In the Obama era, this was upended and for the first time conservatives were in the uncomfortable and bewildering position of being censured for failing to adhere to liberal values rather than vice versa. The cultural center of gravity shifted away from conservatives. Liberals were defining standards of public behavior, and generally not in ways conservatives found agreeable. The entertainment industry shrugged off the aforementioned conservative consensus and started pushing overtly progressive themes (e.g. LGBT/minority representation) in a way that challenged conservatives' sense of rightful cultural hegemony.

This is part of why we get the peculiar phenomenon where conservatives seem to care far more about what liberals say about them than vice versa. The former were accustomed to being able to demand respect and unaccustomed to finding themselves on the outside;the latter were already acculturated to a certain amount of social opprobrium and often took pride in it.

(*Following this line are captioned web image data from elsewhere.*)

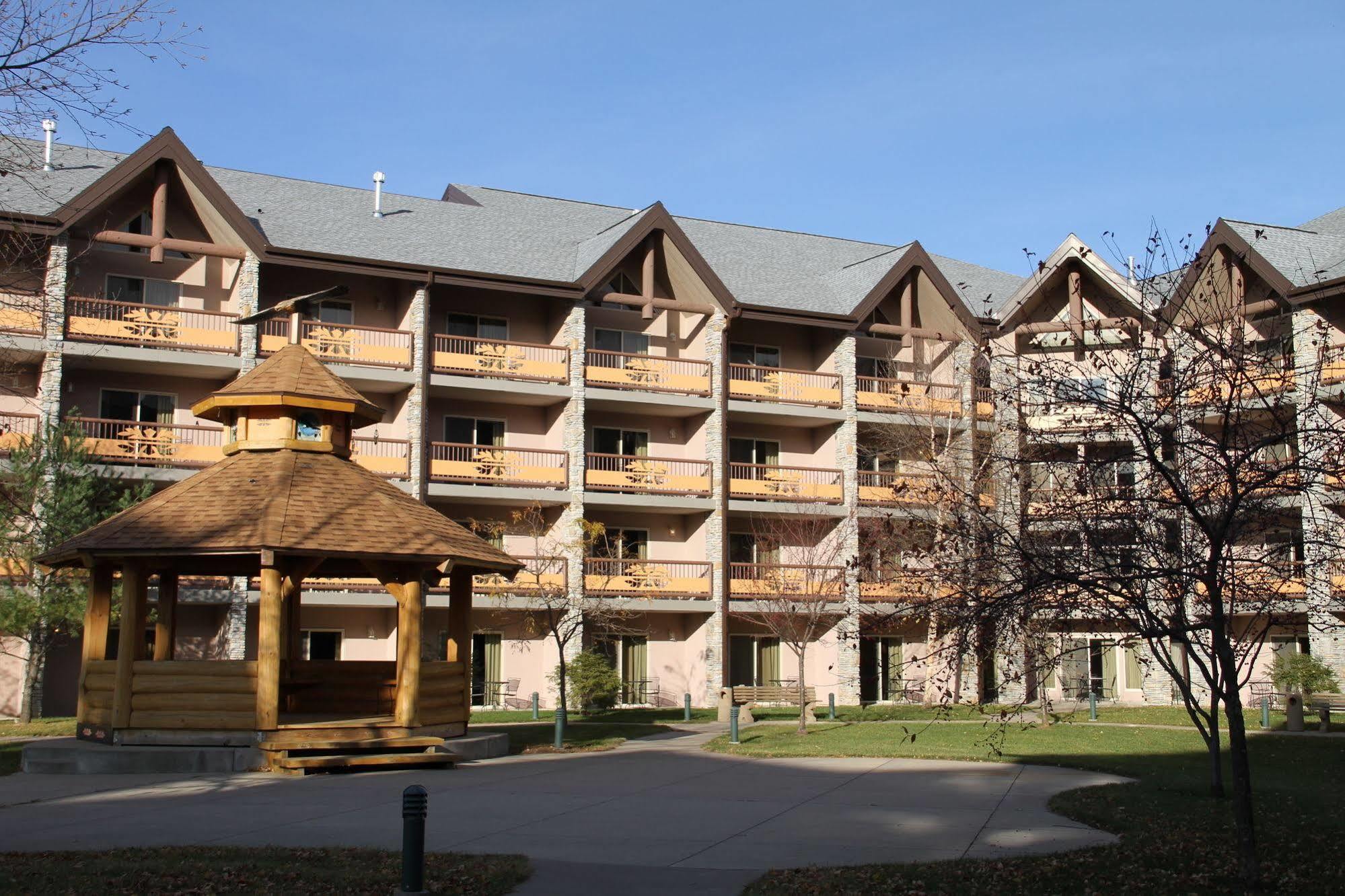 Ho-Chunk Casino Hotel - Wisconsin Dells Барабу Екстер'єр фото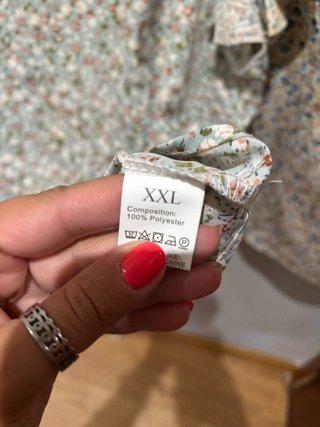 Camicie a manica corta con stampa floreale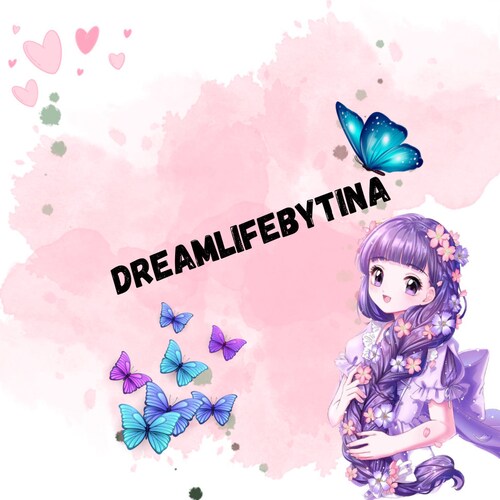 DreamLifeByTina store logo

*social media cancellation overwhelmingly affected people in liberal-dominated spaced and was an emergent behavior rather than a directed one. Rupert Murdoch was in no danger of being canceled even though left-wingers absolutely despised him; we can argue about why Musk shifted right

I don’t think conservatives have been in the cultural drivers seat since at least the 1970s. Liberals, up until Obama were just much more careful about showing their power level until the long March was over so they could consolidate power. Hollywood had always been liberal, and even if the movies made in 1970 would be conservative by modern standards, they were absolutely liberal by the conservative standards of the day. Soylent Green was an overpopulation/environmental piece, blaxploitation was an entire genre of film, anti war themes showed up in movies, tv shows, music, and so on. Liberal protests on college campuses have likewise been a thing since Kent State.

I think there are two catalysts for the change. First, social media vastly extended the reach of social opinion, such that private opinions could be easily disseminated online and thus weaponized. You ended up saturating the culture in political opinion, and liberals realized that there were lots of them in cultural power. And it also indexed people’s views for easy reading, thus allowing a purge of crime-thinkers from political and cultural power. The second was the retirement of the old guard who came of age in tge 1950s. They were 60 in 2010, and so a lot of these early boomers retired. They might have headed up a department at a college, ran a music label or tv/movie studio, but they’d imbibed the notion that politics shouldn’t overwhelm the purpose of the institution itself. Entertainment existed to entertain, not preach, colleges were about education. Once those old guys retired, the new leadership felt little compunction about turning the entire thing into a propaganda machine.

I don’t think conservatives have been in the cultural drivers seat since at least the 1970s

And what of the other 5 thousand years of human history?

I believe the Flintstones comic proposes that it was Clod the Destroyer, who punches the liberals in the beef.